I attended a private high school that issued laptops to all of its students and faculty. Of course, because we had near-constant Internet access, the school had a pretty hefty firewall put in place — amongst other measures — to ensure we were doing what we were supposed to during class. However, being a bunch of teens, many of us were also doing our best to circumvent this firewall, typically through proxies. Once one of these was found, it spread like a wildfire before administration caught on and blocked it and the cycle repeated.

I’m not sure how this is handled at other schools, but at mine, the last week before finals was solely dedicated to reviewing for them and to giving you an opportunity to ask your teachers questions about older material.

It’s this time my sophomore year and I’m in my algebra class browsing social media via one of those aforementioned Internet proxies — perhaps not the smartest decision looking back, but oh, well. Unbeknownst to me, my teacher — the very same one from this story — has snuck up behind me.

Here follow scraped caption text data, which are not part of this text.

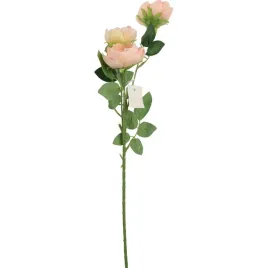 galazka-3-mini-piwonii-65cm-lososiowy-kwiat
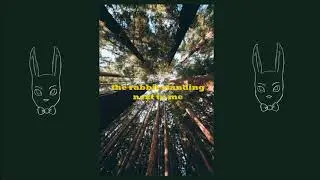 stuck down the wrong rabbit hole // oliver tree (lyrics)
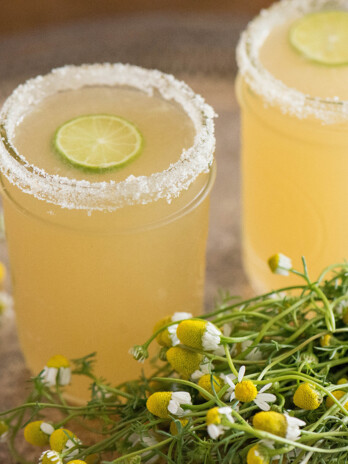 Chamomile Margarita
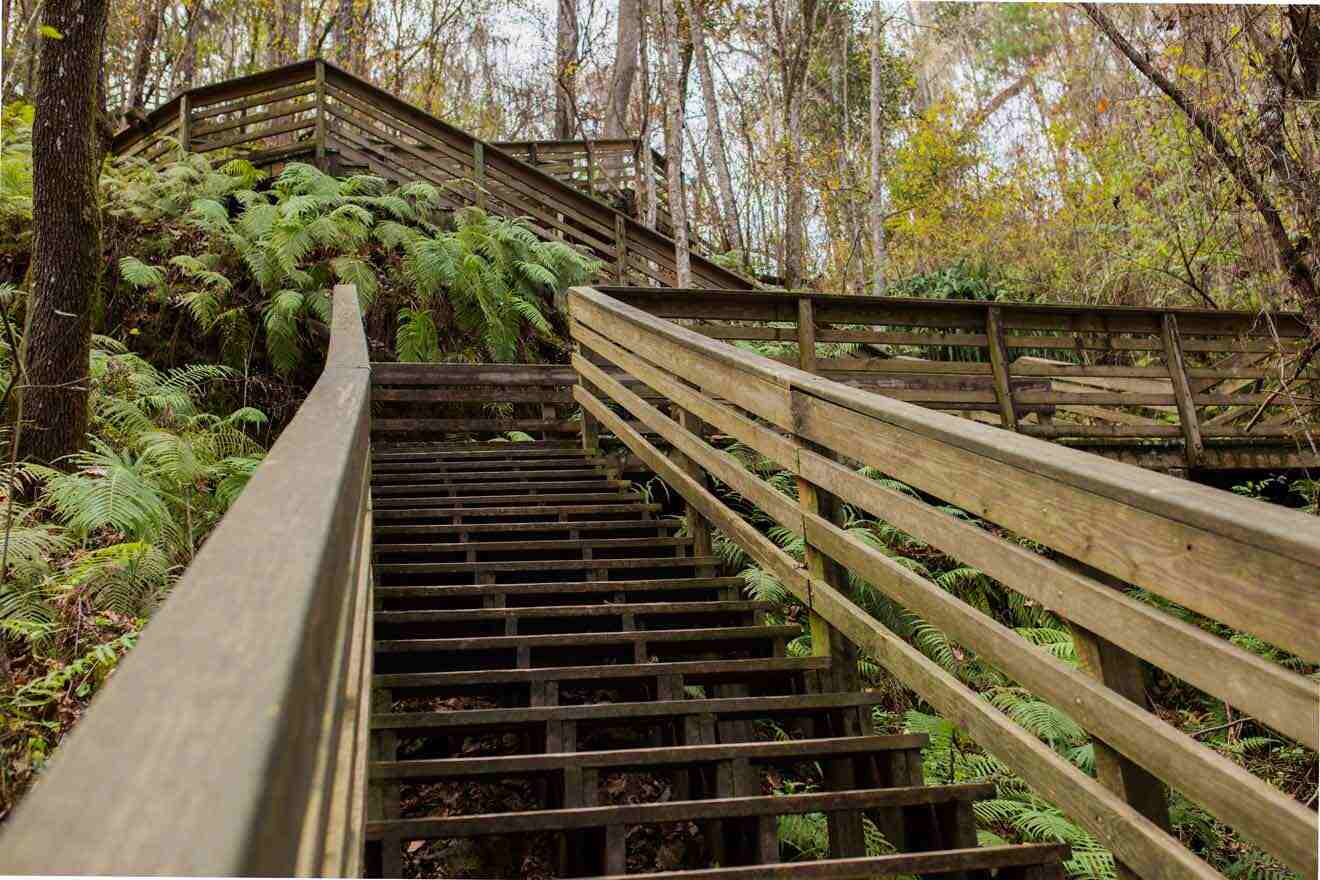 wooden stairs in the park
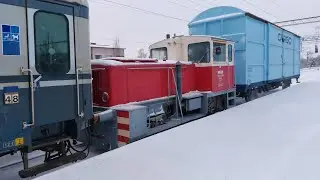 Tka7 217 + Eipt 27374 + Tve1 408 + Gbln 464089-2
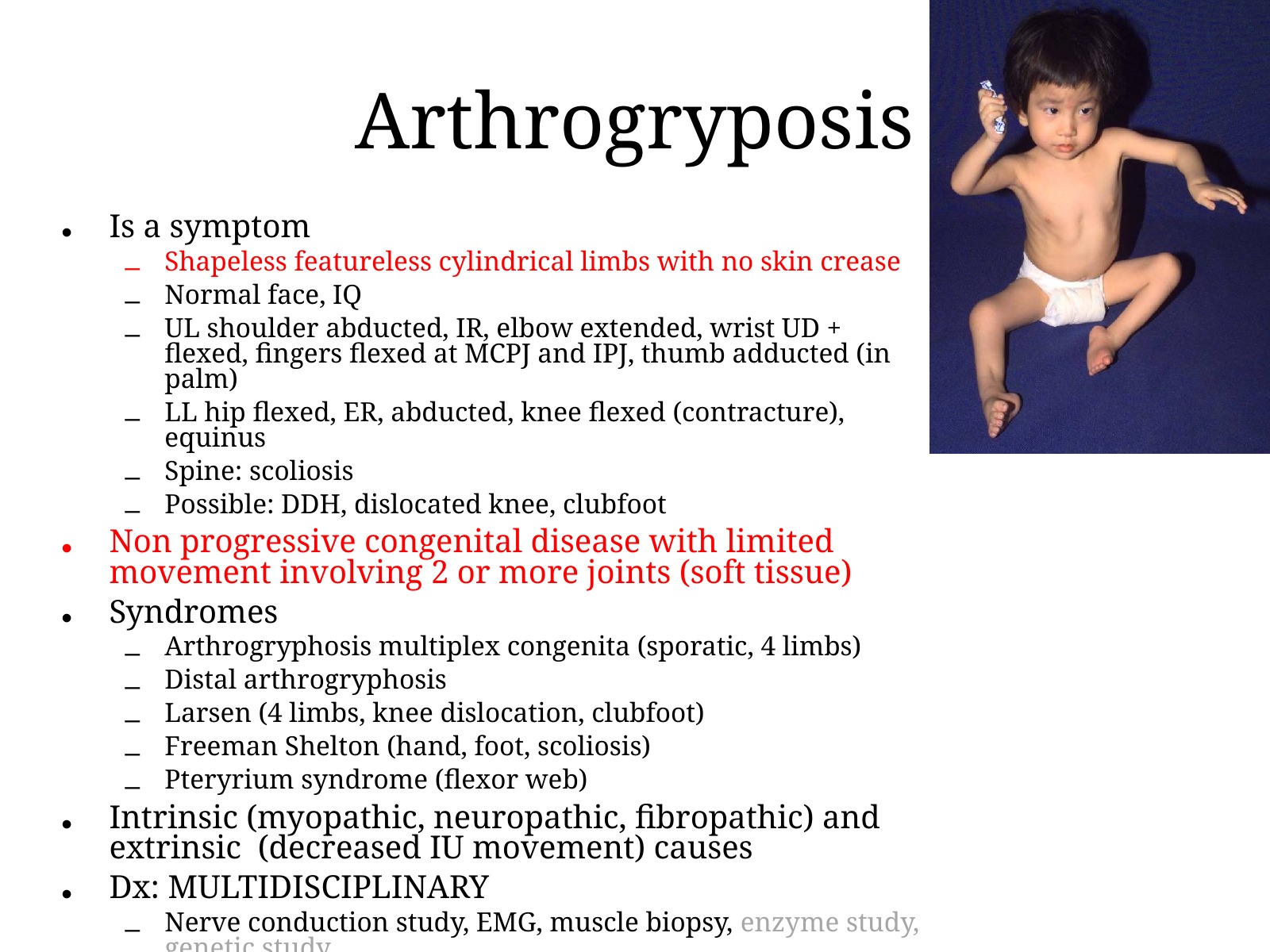 Slide 96 thumbnail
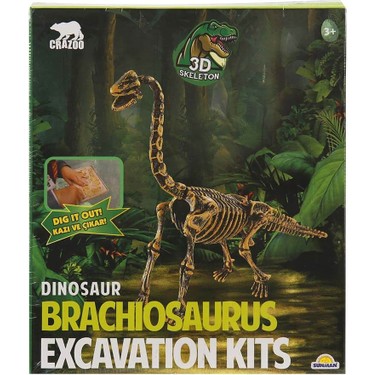 Crazoo 3D Fosil Kazı Seti: Dinozor Brachiosaurus Fiyatı
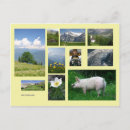 Zoek naar zwitserland briefkaarten Fotografie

Teacher: “Is that Reddit?!”

I nearly jump out of my skin, especially since computer misuse is an automatic detention, and circumvention of the firewall can be a suspension if you get caught directly.

Me: “Um, yeah.”

Teacher: “How the h*** did you get around the firewall?! I swear, I’ve been trying to do that all year.”

Me: “Oh, uh, I use [Proxy].”

Teacher: “Thanks!”

He immediately scurried back to his desk. 

Since the first story I submitted about him, I’ve learned he didn’t even apply to the school to be a teacher; he applied to be in their IT department. Administration just stuck him in the position because he had a math degree. That fact explained a lot.